Leveraging Online Redo Logs and Archiving

In RAC, each database instance has its own set of online redo log files, called a thread. Online redo log files are aggregated into groups within their instance's thread. In case you were wondering: single-instance Oracle behaves the same way, although you do not normally notice it! Thread 1 belongs to the instance (there is a one to one mapping between instance and database in this setup). Information about the thread number is available in V$LOG and related views.

You need two groups of online redo logs per thread, and you should also consider manually multiplexing the groups' members if not using ASM and a flash recovery area. The mapping between the instance and the thread is performed in the server parameter file: the initialization parameter "thread" maps the thread number to the instance. The convention is to map instance n is mapped to thread n; however, this is not required. In other words, you will find prod1.thread=1 in the spfile. An additional online redo thread is required when adding an instance to the cluster—this can be done in one of two ways. First, the administrator can use the alter database add logfile group x thread y SQL command in administrator-managed databases. Second, it can be done automatically by Oracle in policy-managed databases. A thread also needs to be enabled to be used by Oracle.

Note

A policy-managed database is a new way of managing a RAC database; it is explained in more detail in the "11.2 New Features" section later in this chapter.

Online redo logs in RAC function just as they do in single-instance Oracle. The lgwr background process flushes the redo buffer, a part of the SGA, to the online redo logs that belong to the instance the transaction was committed.

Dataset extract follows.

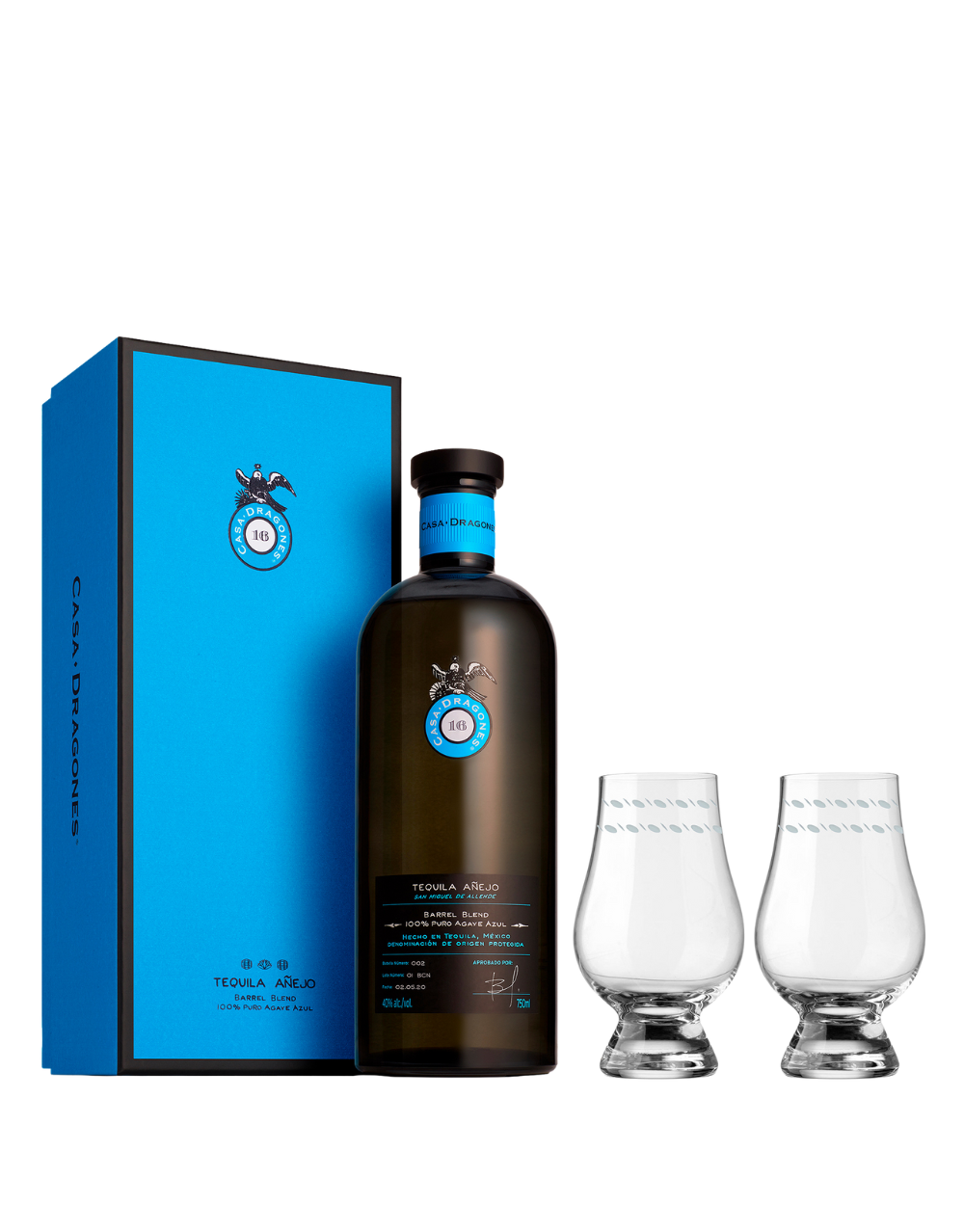 TEQUILA CASA DRAGONES AÑEJO WITH HAND-ENGRAVED GLENCAIRN GLASSES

Online redo logs need to be on fast storage, or they might become a point of contention, especially for systems with high commit rates. A common tuning techniques applied to poorly designed applications is to reduce the commit rate and to move at least the online redo logs and control files to fast storage, eliminating some of the worst performance bottlenecks. Systems with a high log switch rate can benefit from additional redo log groups per thread to give the archiver process more time to archive the used online redo log. This technique is also beneficial in situations when the archiver is responsible for shipping an archived redo log to a standby database; however, most modern systems use the Log Network Service (LNSn) process to asynchronously send a redo to the standby database's Remote File Server (RFS) process. There is one LNS process per destination in Oracle 10.2 and 11.1. In Oracle 11.2, the LNSn processes were replaced by the NSSn and NSAn background processes. The NSSn process will be used for synchronous shipping of redo; likewise, NSAn will be used for asynchronous shipping of redo. The size of each individual online redo log should be such that log switches don't occur too frequently—the Automatic Workload Repository, or statspack reports, help administrators identify an appropriate size for the online redo logs. Oracle 11.2 even allows administrators to choose the block size of online redo logs, accounting for the fact that modern storage units use 4kb sector sizes instead of 512b.

In case of an instance failure in RAC, which you'll learn more about in Chapter 3, all threads are merged to help create the recovery set for the roll-forward/roll-back operation performed by the server monitor process.

Once filled by the lgwr process, one of the archiver processes will copy the used online redo log to the specified destination.

Note

You are correct if you're thinking that the archiver process copies redo logs only if the database is in archive log mode; however, we can't think of a RAC production database that does not operate in this mode!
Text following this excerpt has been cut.